So, as you can tell from my previous entries, I wanted to get into this school desperately. I wanted it more than I wanted anything else. I succeeded, and moved in August.
Now, I wasn't expecting it to be an easy change for me, but I was definitely not expecting to fall into a deep depression. But that's what happened. Nothing in life is ever what you expect it to be, and this was no different. I am not sure why I thought everything was going to be perfect when I moved out here, but I learned very quickly that I was very wrong.
Everything suffered. I cried all the time, my grades were absolutely awful, I didn't make any new friends, I developed a new crush within fifteen minutes of hitting the school for the first time, I had no appetite and no motivation to do anything.

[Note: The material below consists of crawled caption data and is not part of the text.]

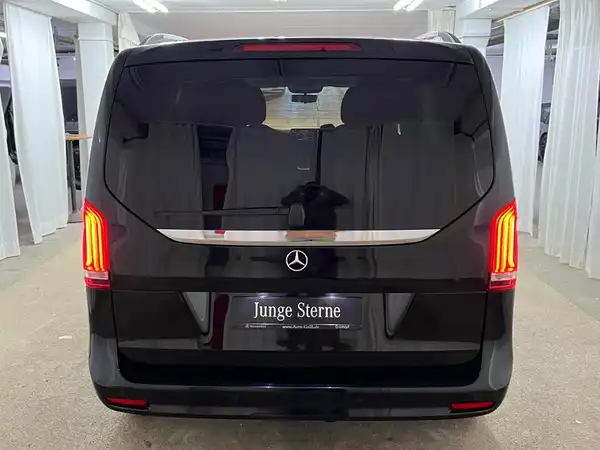 MERCEDES-BENZ V-KLASSE (6/21)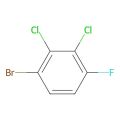 4-溴-2,3-二氯氟苯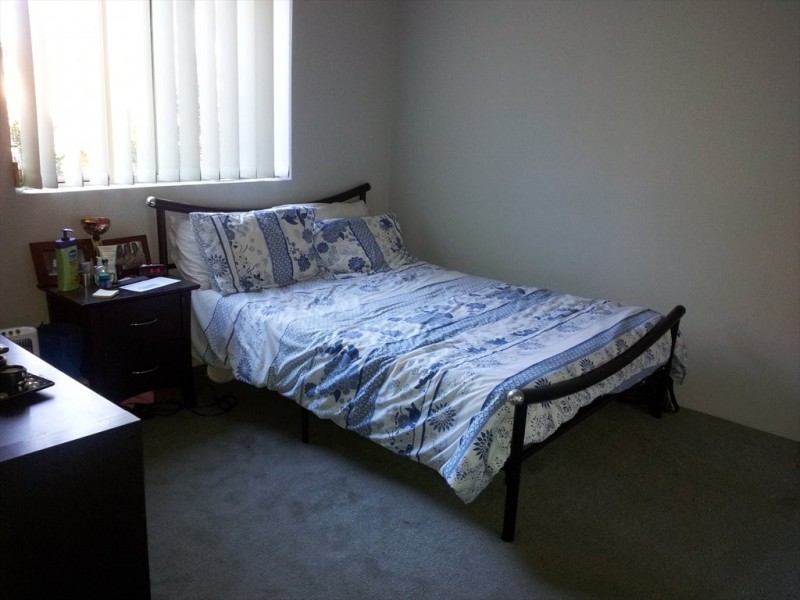 Newman street, Merrylands NSW 2160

Last semester was awful. I had been "depressed" before, but never anything like this. I had never lacked the motivation to make changes the way I did last fall. I didn't want to do anything but sit in my comfy chair and idle around on the internet. I didn't read any books or play The Sims, I didn't do any of my usual things. I just moped.
I was never suicidal, but I did have thoughts about how dying would be a relief.
So, how are things now, six months later? Well, I'm doing a lot better. I am more motivated to study, and I'm getting better grades. Slightly better, anyway. I don't have zillions of new friends, but then again, I haven't made much of an effort to make friends. In high school, I always had lots of friends, but back then I was involved in band and such, and I met people and spent more time with them. Here, I don't do anything but go to class.
So, we're approaching May of 09, and many of the people who are my age are graduating from college. And then there's me. One of my friends has already graduated, is married and has a baby. That makes me feel like the world's biggest loser! FYI, my pitiful "relationship" status has not changed.
If I had stayed at my other school, I could be graduating this May, too. If I had stayed with my business degree, or maybe even with my second degree choice, I could be finishing up. And I wouldn't have payed a dime for school. Instead, I'm here, paying a horrendous amount each semester, with three more years of this to look forward to.
So, if I could go back to 2006 or 2005 and stay put, would I?
I don't know. I can't say.
It's like I spend my whole life waiting for some magical event to happen so that I can really start living, but I don't even know what it is that I'm waiting for. I need to stop doing that. This move was obviously not that magical event. There is no magical event. I need to grow up and realize that this is my life, that my life is occurring now. These are my golden years!